TASK STATEMENT. Would you output the entries below only from the line containing "Elie is registered" through the line containing "Our Water Walls", exactly as they stand and with both ends included?

[[ DATA EXTRACTS, beginning ]]

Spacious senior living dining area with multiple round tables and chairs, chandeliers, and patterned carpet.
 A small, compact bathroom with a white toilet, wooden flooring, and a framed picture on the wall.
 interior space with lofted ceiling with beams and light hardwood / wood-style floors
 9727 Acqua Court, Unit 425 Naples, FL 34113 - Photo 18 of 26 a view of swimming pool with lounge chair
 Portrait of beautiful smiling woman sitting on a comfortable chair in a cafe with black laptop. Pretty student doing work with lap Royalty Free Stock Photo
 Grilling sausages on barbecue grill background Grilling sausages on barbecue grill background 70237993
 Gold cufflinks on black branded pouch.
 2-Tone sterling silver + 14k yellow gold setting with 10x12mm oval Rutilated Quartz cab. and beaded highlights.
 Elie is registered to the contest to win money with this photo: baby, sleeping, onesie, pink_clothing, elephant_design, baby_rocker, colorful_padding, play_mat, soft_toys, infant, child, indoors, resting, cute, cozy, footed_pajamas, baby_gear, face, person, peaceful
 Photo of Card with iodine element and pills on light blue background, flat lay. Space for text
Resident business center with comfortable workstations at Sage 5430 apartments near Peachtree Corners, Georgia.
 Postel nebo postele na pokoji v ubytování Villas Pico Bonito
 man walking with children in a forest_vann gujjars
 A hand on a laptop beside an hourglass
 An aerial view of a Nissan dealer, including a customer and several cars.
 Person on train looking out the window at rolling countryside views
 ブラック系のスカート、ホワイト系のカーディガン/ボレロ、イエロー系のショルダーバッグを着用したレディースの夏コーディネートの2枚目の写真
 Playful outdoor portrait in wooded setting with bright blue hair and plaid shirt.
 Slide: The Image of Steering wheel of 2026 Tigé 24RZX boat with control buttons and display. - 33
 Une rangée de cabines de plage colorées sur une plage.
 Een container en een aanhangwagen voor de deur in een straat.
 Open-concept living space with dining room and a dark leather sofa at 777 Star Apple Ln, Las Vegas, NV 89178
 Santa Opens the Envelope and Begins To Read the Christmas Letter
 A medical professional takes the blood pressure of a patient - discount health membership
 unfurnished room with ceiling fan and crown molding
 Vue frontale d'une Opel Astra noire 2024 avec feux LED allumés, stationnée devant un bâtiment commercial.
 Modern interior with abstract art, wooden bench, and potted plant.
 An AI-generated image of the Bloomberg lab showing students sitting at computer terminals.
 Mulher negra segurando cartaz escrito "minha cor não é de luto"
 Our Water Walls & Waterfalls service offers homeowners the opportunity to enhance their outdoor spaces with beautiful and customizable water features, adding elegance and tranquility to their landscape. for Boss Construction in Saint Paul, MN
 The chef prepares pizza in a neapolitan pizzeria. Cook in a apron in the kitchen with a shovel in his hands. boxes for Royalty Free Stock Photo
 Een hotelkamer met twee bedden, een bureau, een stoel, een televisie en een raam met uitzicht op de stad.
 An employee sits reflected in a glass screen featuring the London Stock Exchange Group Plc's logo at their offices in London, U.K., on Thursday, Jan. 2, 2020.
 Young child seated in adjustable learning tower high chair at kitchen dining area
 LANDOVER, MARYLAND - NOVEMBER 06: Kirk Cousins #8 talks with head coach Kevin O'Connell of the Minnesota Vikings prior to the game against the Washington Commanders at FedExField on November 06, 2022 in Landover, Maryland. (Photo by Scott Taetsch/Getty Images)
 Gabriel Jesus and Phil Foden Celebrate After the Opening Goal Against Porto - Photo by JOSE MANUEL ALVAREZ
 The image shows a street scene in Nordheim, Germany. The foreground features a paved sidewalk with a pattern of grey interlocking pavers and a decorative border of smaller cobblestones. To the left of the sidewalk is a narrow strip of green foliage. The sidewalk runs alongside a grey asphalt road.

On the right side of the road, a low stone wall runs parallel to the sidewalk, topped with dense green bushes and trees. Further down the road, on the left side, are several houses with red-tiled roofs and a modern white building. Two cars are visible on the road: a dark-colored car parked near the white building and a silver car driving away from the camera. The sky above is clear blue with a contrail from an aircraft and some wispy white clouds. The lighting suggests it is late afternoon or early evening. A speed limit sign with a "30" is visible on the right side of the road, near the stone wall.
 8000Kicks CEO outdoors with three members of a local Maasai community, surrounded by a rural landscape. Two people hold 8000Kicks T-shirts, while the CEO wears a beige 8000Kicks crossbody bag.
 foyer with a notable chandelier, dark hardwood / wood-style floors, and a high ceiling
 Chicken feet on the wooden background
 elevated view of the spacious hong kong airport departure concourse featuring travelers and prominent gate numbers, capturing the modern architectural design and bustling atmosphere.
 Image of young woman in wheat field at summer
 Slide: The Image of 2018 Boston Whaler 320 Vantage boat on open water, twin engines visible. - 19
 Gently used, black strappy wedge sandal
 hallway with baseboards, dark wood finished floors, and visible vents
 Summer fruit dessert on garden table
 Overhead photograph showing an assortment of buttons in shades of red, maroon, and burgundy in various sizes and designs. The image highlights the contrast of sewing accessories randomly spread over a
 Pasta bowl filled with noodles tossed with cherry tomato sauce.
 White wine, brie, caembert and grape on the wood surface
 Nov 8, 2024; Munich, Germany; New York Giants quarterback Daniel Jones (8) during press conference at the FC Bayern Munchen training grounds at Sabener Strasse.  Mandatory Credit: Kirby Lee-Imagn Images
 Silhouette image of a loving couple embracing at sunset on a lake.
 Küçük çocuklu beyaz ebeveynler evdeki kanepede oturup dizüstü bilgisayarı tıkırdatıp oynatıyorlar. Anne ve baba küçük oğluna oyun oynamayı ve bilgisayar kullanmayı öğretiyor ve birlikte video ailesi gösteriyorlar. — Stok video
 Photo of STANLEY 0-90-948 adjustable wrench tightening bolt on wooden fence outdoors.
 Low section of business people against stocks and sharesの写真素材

[[ DATA EXTRACTS, end ]]

YOUR RESPONSE.
 Elie is registered to the contest to win money with this photo: baby, sleeping, onesie, pink_clothing, elephant_design, baby_rocker, colorful_padding, play_mat, soft_toys, infant, child, indoors, resting, cute, cozy, footed_pajamas, baby_gear, face, person, peaceful
 Photo of Card with iodine element and pills on light blue background, flat lay. Space for text
Resident business center with comfortable workstations at Sage 5430 apartments near Peachtree Corners, Georgia.
 Postel nebo postele na pokoji v ubytování Villas Pico Bonito
 man walking with children in a forest_vann gujjars
 A hand on a laptop beside an hourglass
 An aerial view of a Nissan dealer, including a customer and several cars.
 Person on train looking out the window at rolling countryside views
 ブラック系のスカート、ホワイト系のカーディガン/ボレロ、イエロー系のショルダーバッグを着用したレディースの夏コーディネートの2枚目の写真
 Playful outdoor portrait in wooded setting with bright blue hair and plaid shirt.
 Slide: The Image of Steering wheel of 2026 Tigé 24RZX boat with control buttons and display. - 33
 Une rangée de cabines de plage colorées sur une plage.
 Een container en een aanhangwagen voor de deur in een straat.
 Open-concept living space with dining room and a dark leather sofa at 777 Star Apple Ln, Las Vegas, NV 89178
 Santa Opens the Envelope and Begins To Read the Christmas Letter
 A medical professional takes the blood pressure of a patient - discount health membership
 unfurnished room with ceiling fan and crown molding
 Vue frontale d'une Opel Astra noire 2024 avec feux LED allumés, stationnée devant un bâtiment commercial.
 Modern interior with abstract art, wooden bench, and potted plant.
 An AI-generated image of the Bloomberg lab showing students sitting at computer terminals.
 Mulher negra segurando cartaz escrito "minha cor não é de luto"
 Our Water Walls & Waterfalls service offers homeowners the opportunity to enhance their outdoor spaces with beautiful and customizable water features, adding elegance and tranquility to their landscape. for Boss Construction in Saint Paul, MN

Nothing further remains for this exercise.